E
l sábado pasado, un grupo
de trabajadores municipales de Benito Juárez (Cancún), Quintana Roo,
ingresó al Malecón Tajamar con maquinaria pesada, taló el manglar y
rellenó los humedales. De acuerdo con denuncias del colectivo Guardianes
del Manglar Cancún, el hecho se produjo con la complicidad del alcalde
de esa localidad, Paul Michell Carrillo, y autoridades del Fondo
Nacional de Fomento al Turismo (Fonatur), empresa estatal que
previamente había allanado casi la mitad de los humedales, como parte de
la construcción de un complejo hotelero en esa zona turística, que
bordea la laguna Nichupté.
Aunque las autoridades se resisten a
calificar de un ecocidio los hechos, lo cierto es que cerca de 50
hectáreas de manglar desaparecieron, literalmente, de la noche a la
mañana, y que se afectó, a contrapelo de la verdad oficial, la fauna del
lugar, como quedó documentado con fotografías difundidas por
organizaciones de la sociedad civil.
Debe señalarse que desde que comenzaron
en ese sitio las obras de construcción de un proyecto turístico e
inmobiliario de 70 hectáreas, distintas organizaciones se han movilizado
para impedir que se pierda ese espacio natural. En todo este tiempo,
pese al rechazo de grupos ambientalistas nacionales e internacionales y
de especialistas en la materia, el proyecto ha avanzado con el
beneplácito de las autoridades, que esgrimen argumentos de índole
legalista para defender los trabajos: ejemplo de ello es el comunicado
emitido la víspera por el gobernador de Quintana Roo, Roberto Borge
Angulo, quien afirmó que las acciones en el referido malecón se realizan
con apego a la ley, pues el Fonatur –a cargo del desarrollo– obtuvo en
2005 las autorizaciones correspondientes de la Secretaría de Medio
Ambiente y Recursos Naturales (Semarnat).

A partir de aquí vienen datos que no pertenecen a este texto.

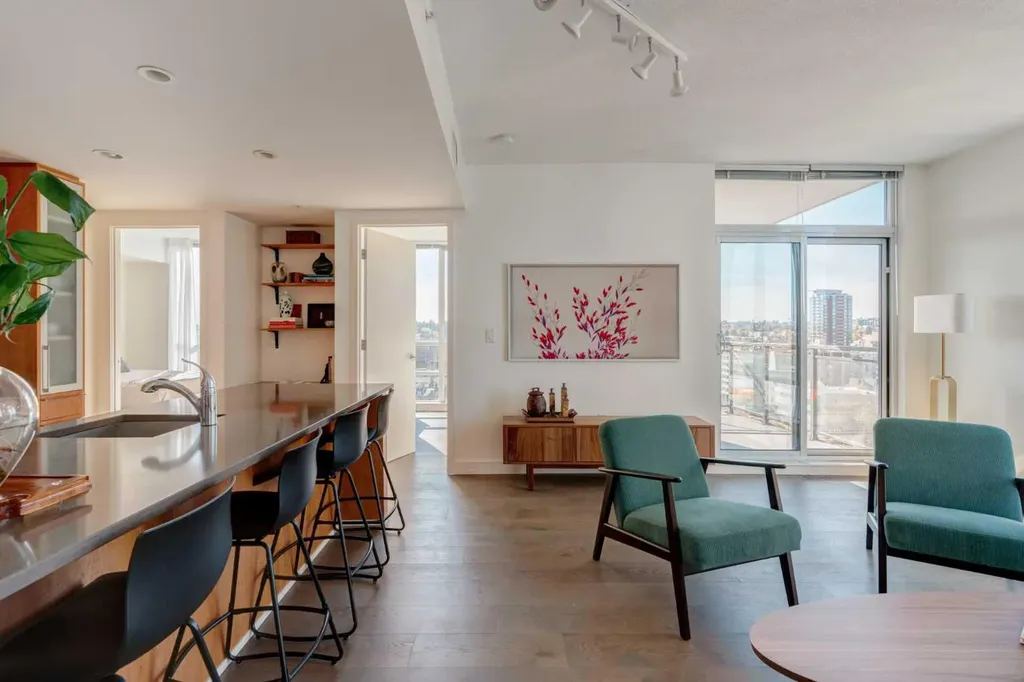 1118 12 Avenue SW Calgary AB T2R 0P4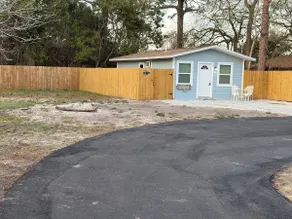 Cute & Cozy Cottage Getaway 13 miles from the Port - Image 5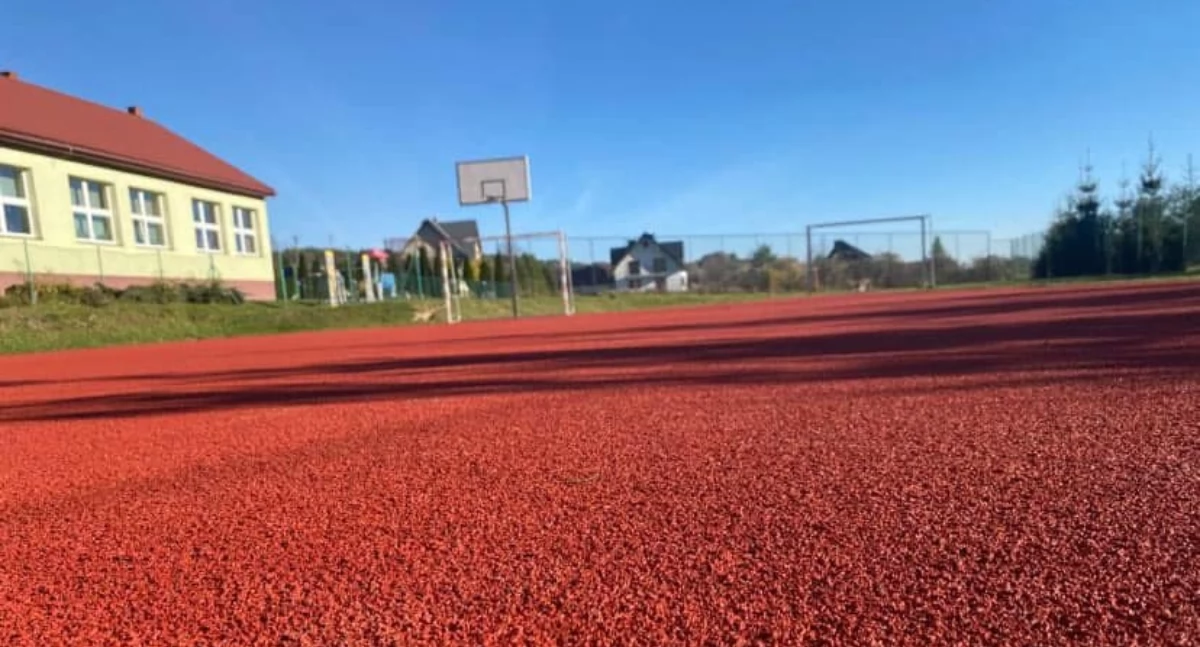 Toporzysko: Teraz boisko, wkrótce hala! 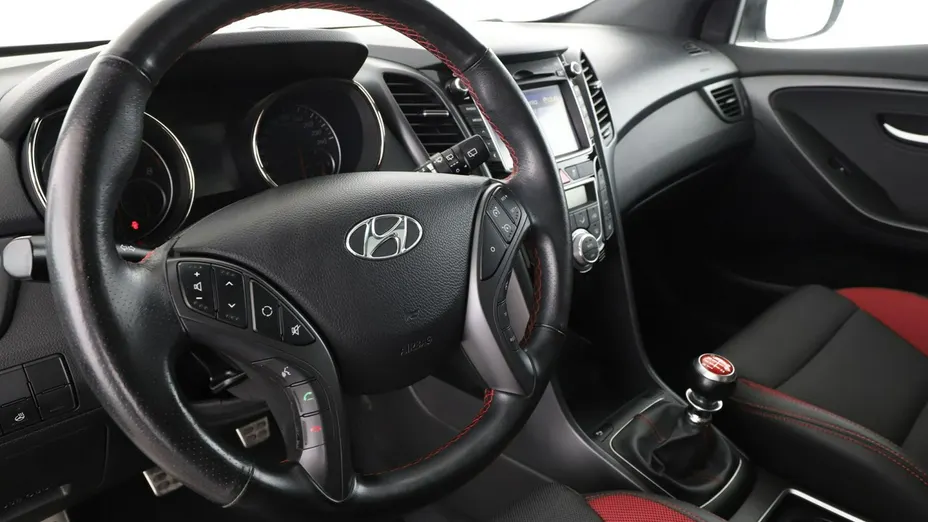 HYUNDAI i30 -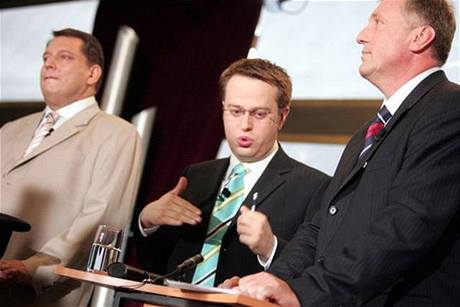 Moderátor eské televize Václav Moravec pipravuje debatu s lídry dvou nejvtích politických stran.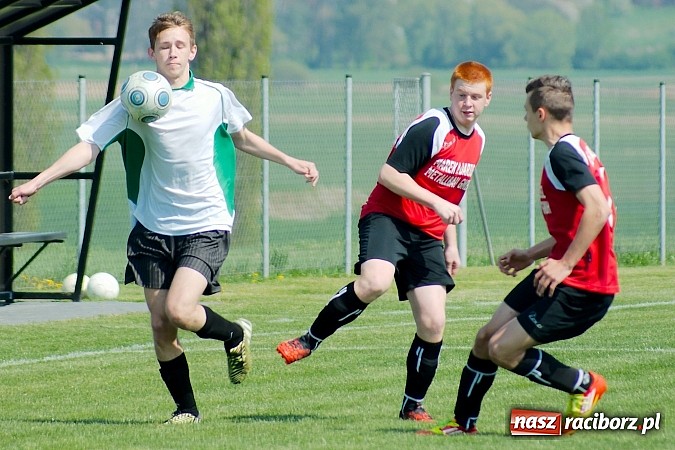 Zdjęcie w galerii na portalu naszraciborz.pl: Juniorzy Borucina bezlitośni dla nieboczowskiej Odry wiadomości z regionu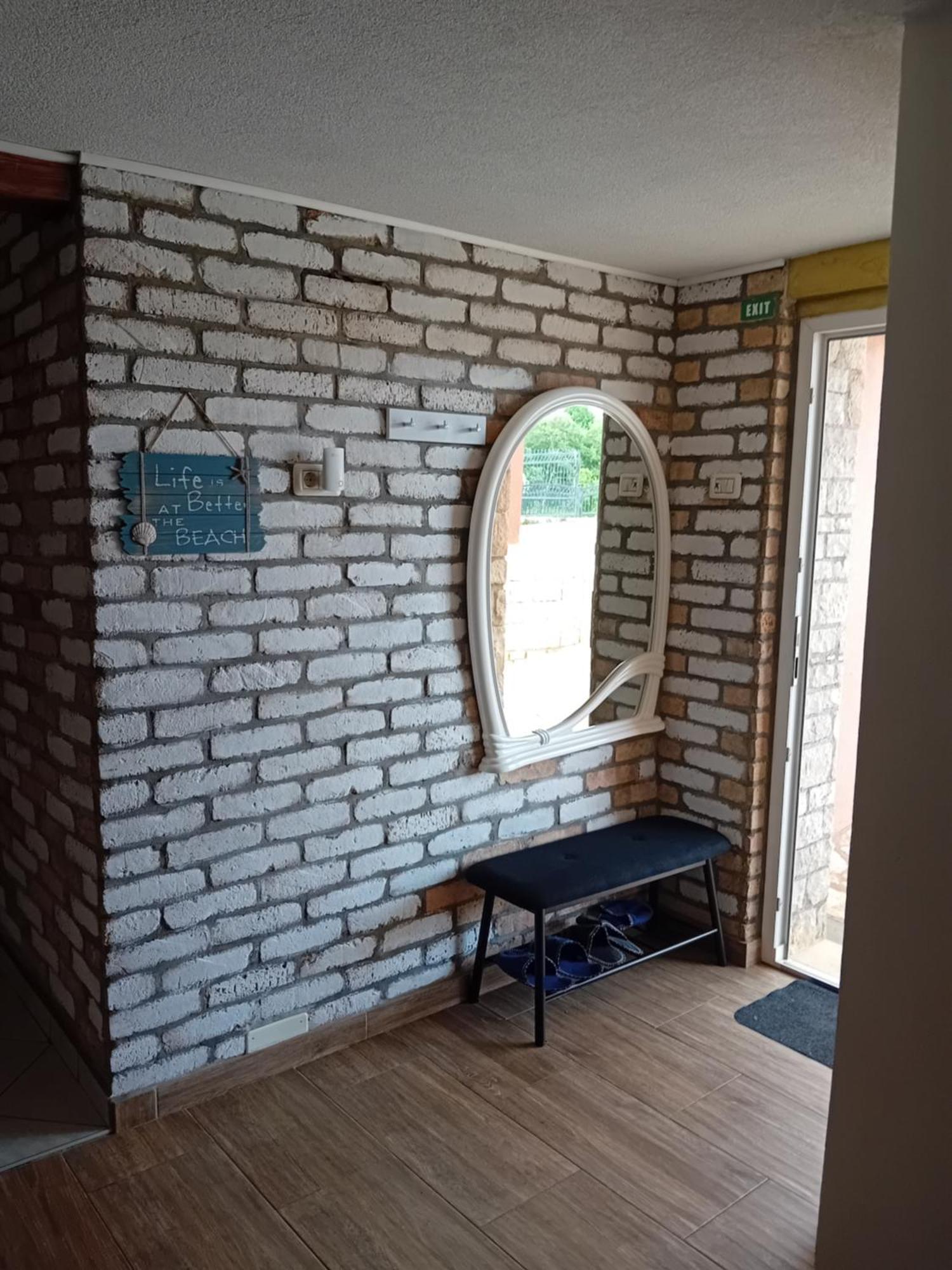 Studio Apartman Dezire 布耶 外观 照片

En el mismo sentido, la
dependencia federal respaldó en un escrito el proyecto Malecón Tajamar
porque cuenta con todos los permisos.
Ambos comunicados parecen soslayar la
brecha que persiste en nuestro país entre la formalidad institucional y
la realidad, así como las irregularidades que suelen acompañar el
otorgamiento de permisos de este tipo. En efecto, la construcción que
dio pie a la devastación ambiental de Tajamar podrá estar apegada a una
noción de legalidad tan imperfecta como la que prevalece en nuestro
país, pero difícilmente puede defenderse sin violentar las
consideraciones ambientales más básicas. El que esa defensa provenga de
una dependencia supuestamente dedicada a proteger el medioambiente, como
la Semarnat, es indicativo del extravío que padece la institucionalidad
política del país respecto del cumplimiento de sus responsabilidades
más elementales.
Desde un punto de vista más general, lo
ocurrido en Cancún el fin de semana es una más de las consecuencias de
la aplicación en México de una política oficial en materia ambiental que
subordina la protección de los ecosistemas a los intereses comerciales e
industriales privados, tanto nacionales como foráneos. Desde hace
décadas, las sucesivas administraciones del ciclo neoliberal han
adoptado la aplicación de legislaciones laxas en materia ambiental, como
una de las supuestas ventajas comparativas del país para competir en el
mercado internacional, y han concedido con ello un amplio margen de
maniobra a la devastación ambiental.
En el caso que se comenta, lo menos que
cabe esperar de las autoridades correspondeintes es una explicación
clara y completa de las razones por las cuales se determinó la
destrucción de un ecosistema de gran biodiversidad, a pesar de los
numerosos recursos interpuestos por la sociedad civil, así como la
suspensión de la obra referida en tanto esta circunstancia no se
resuelva en forma transparente y satisfactoria.